Wir wahren die Unterscheidung im Gedächtnis jenes Gangs, der unsere Wegführung in der Nachfolge begründet, geistgesandt.

Entscheidend für den Sohnesgehorsam, der die Nachfolgeweisung begründet, ist es, dass der Wille des Vaters keine Willkür ist, sondern sich als ursprünglicher Bestimmungsgrund in der Bindung durch die Hingabe zu erkennen gibt. Die Passion des Sohne ist wesentlich Passion des Vaters im Geist – und nur so ist die Wesensgleichheit (den Häresien entgegen) zu wahren.

Damit geht die Gotteserkenntnis in Wahrnehmung der Nachfolge (als Vernunftpflicht der wegweisenden Urteilskraft … im Gemeinsinn) notwendig nicht nur mit der Überwindung von (partikularem, streitverursachendem) Eigenwillen (der privatio, der aneigenden Beraubung) einher, sondern vollzieht den Widerstand zur Willkür mit – und das ist nur möglich, wenn im Glaubensbewußtsein eine begriffliche Kritik einsichtsbildend und orientierungsgebend mitgeleistet wird an den voluntaristischen Auffasssungen der „absoluten Bestimmungsmacht“ im Gotteshandeln (vgl. auch die Regensburger Rede von Benedikt XVI.).

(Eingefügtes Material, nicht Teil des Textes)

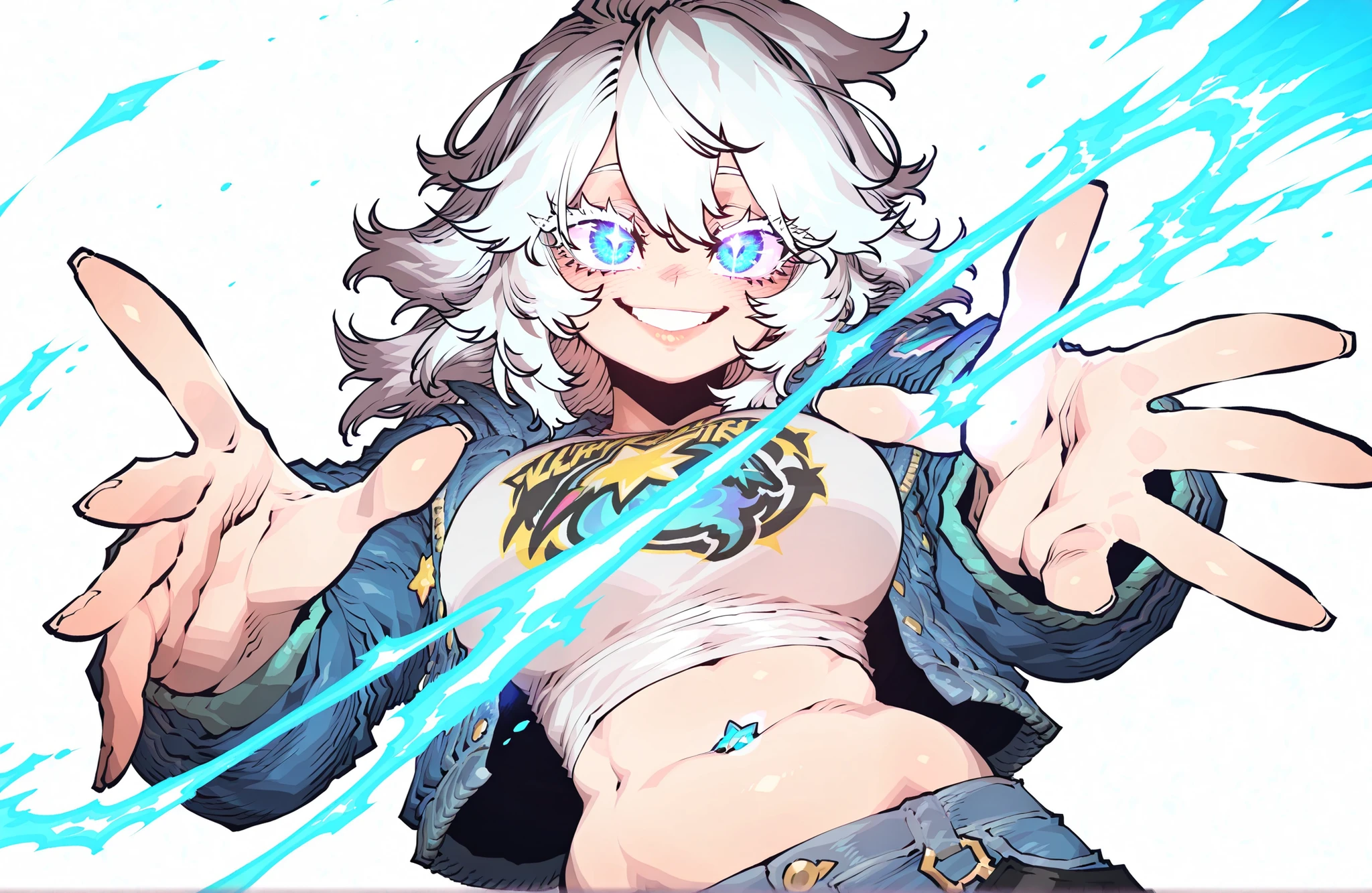 expressive eyes, expressive (bright blue) eyes, detailed eyes, anime eyes, douyin eyes, high detail eyes, multicolored iris, detailed iris, long eyelashes,big white eyelashes, full lashes, glowing eyes,Lightrider in Casual Style from fortnite,curvy body,white messy hair,simple flat red background,large breasts,pink soft lips,naughty smiling expression,standing with top view open right hand stretched out to viewer,ssambatea artstyle,blue jeans jacket,no more person,belly button in and cute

Erfordert ist als theologische Pflicht die „intelligierende“ Durchdringung des Glaubensgedächtnisses (gemäß dem Anselmischen „fides quaerens intellectum“); Not tut Kritik am unreflektierten Gebrauch von Freiheit als souveräne Entscheidungs- oder Verfügungsmacht1, die nicht ursprünglich (je schon) gebunden scheint an Güte, Gerechtigkeit, Wahrheit, Schönheit und Weisheit der Gotteswürde.

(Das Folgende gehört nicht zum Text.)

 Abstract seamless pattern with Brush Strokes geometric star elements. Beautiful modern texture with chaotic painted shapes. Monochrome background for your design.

Begrifflich ist darum in der Glaubensannahme für die Bewahrung des mit Überzeugungskraft tradierbaren Glaubensbewußtseins die Freiheit selbst (als sie selbst, d.i. als Idee) als ursprünglich mit Vernunft und Pflicht zu Gerechtigkeit und Güte und allen weiteren Wesensbestimmung göttlicher Identität und Maßgrund (von Schöpfung und Verkündigung, Gericht und Erlösung) vereint aufzuweisen – durch Vernunft und Achtung (der Vermögen des Personseinkönnens) ermöglicht, in einem Bedingungszusammenhang, der nicht eingeschränkt, sondern befreit, also unter keiner Alternative zu denken steht einer (in sich absurden) Entscheidungssituation in präexistentem Zustand (oder wo und wann immer) – sondern im ewigen Willen Gottes zur Rettung, die bereits die Schöpfung (in ihrer maßgebenden Grundlegung) leitet.



Die Passion zu durchleiden hat etwas mit der Bereitung zu tun – als Ermöglichung ohne Zweck, ganz aus Gehorsam zum ursprünglichen Bestimmungsgrund - , in eins Richter zu sein über Lebende und Tode – und ihr Retter.



1Ein Problem der Autoren von Myterium Salutis, von dem sich auf Balthasar nicht zu befreien vermag.